▸ Work instruction:
Only the words of the entries are wanted, repeated exactly and without images.

::::::

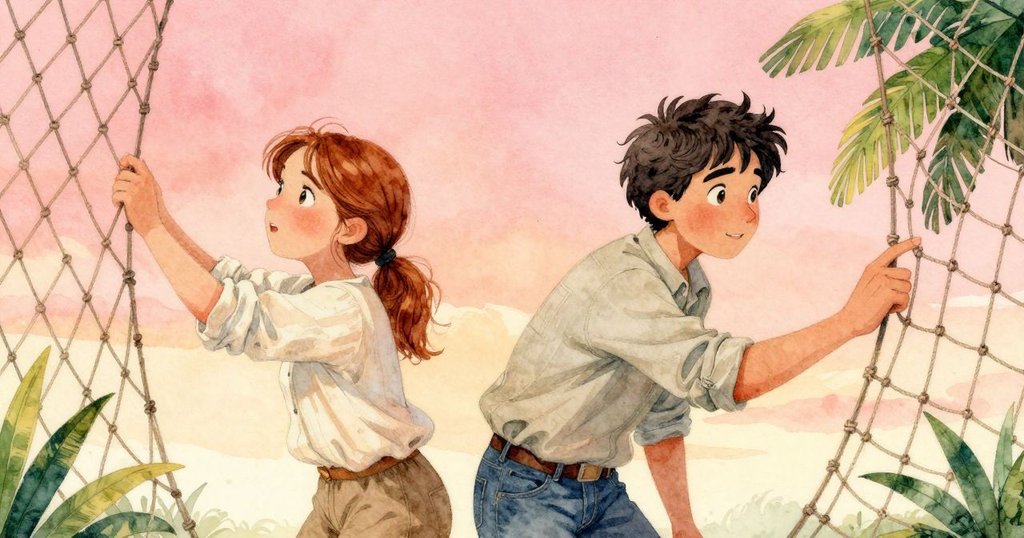 特寫畫面中，Poppy的手按在受損的繩網上，細節清晰呈現繩索紋理與重錘靜置的對比，溫暖光線映襯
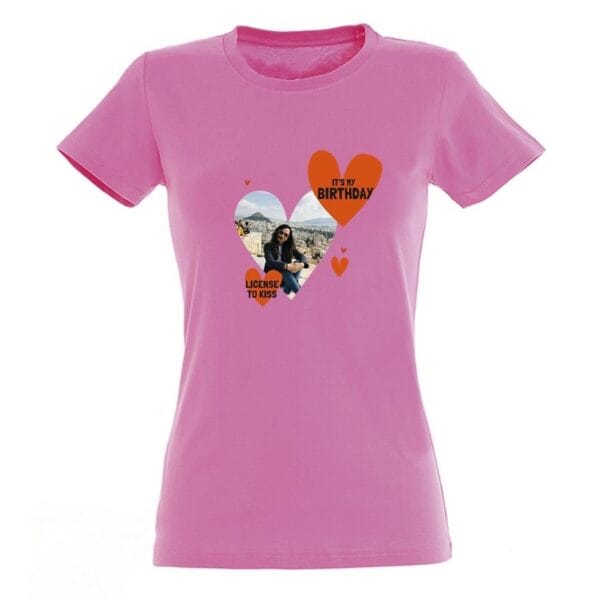 Bestel T-shirt voor vrouwen bedrukken - Roze - S met eigen foto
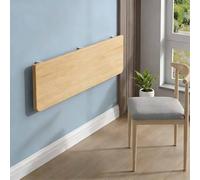 Wall Mounted Folding Table - Space-Saving Wood Desk, Portable Floating Workbench for Small Spaces, Heavy-Duty Brackets, 80x40cm Foldable Laundry Table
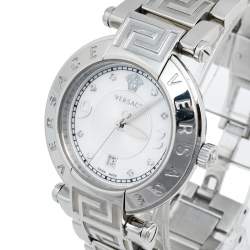 Pre Owned Versace Mother of Pearl Stainless Steel Reve 68Q99SD498-S099 Women's Wristwatch 35 mm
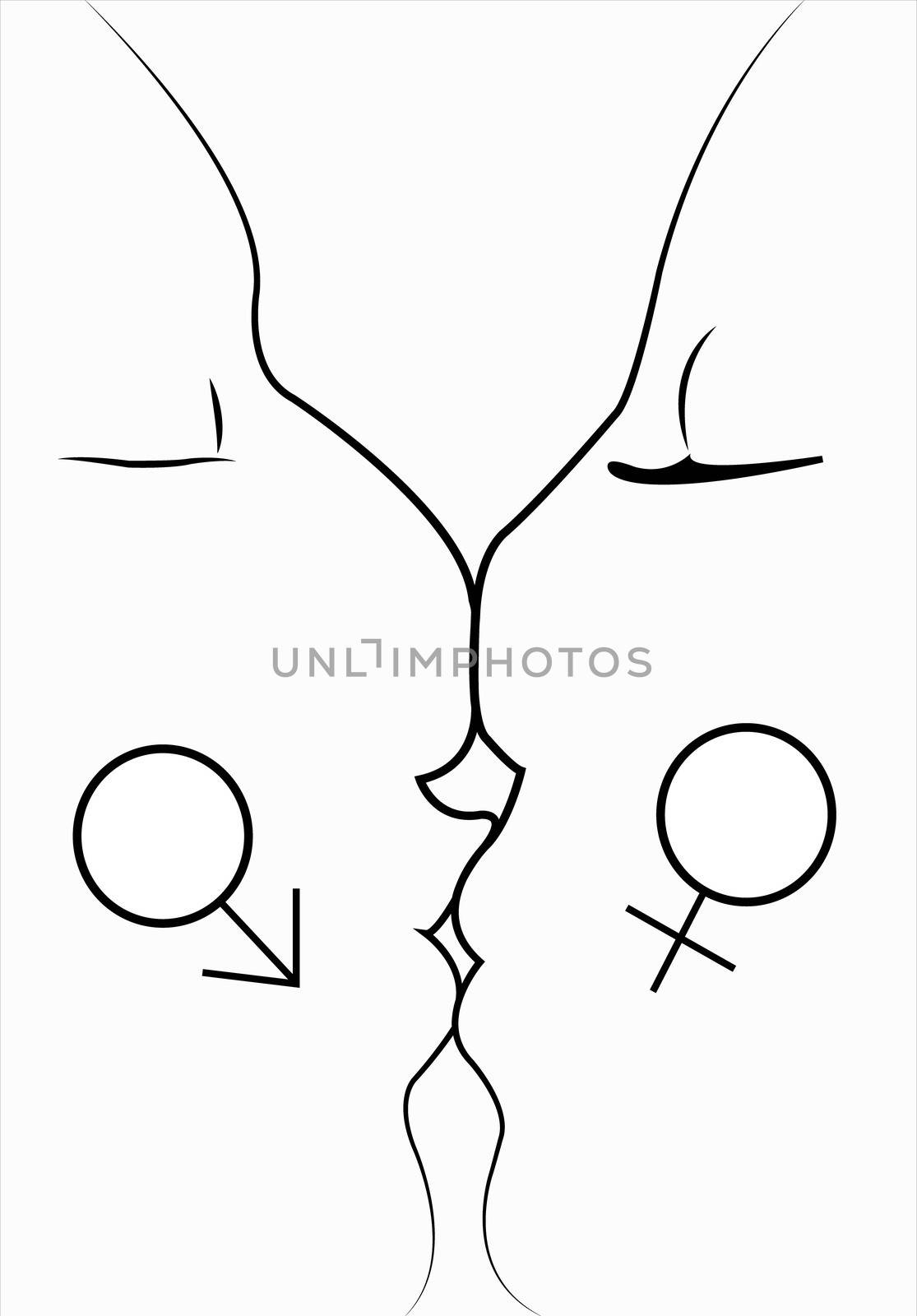 silhouette vector of a couple by Dr.G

::::::

▸ Problem solution:
 特寫畫面中，Poppy的手按在受損的繩網上，細節清晰呈現繩索紋理與重錘靜置的對比，溫暖光線映襯
 Bestel T-shirt voor vrouwen bedrukken - Roze - S met eigen foto
 Wall Mounted Folding Table - Space-Saving Wood Desk, Portable Floating Workbench for Small Spaces, Heavy-Duty Brackets, 80x40cm Foldable Laundry Table
 Pre Owned Versace Mother of Pearl Stainless Steel Reve 68Q99SD498-S099 Women's Wristwatch 35 mm
 silhouette vector of a couple by Dr.G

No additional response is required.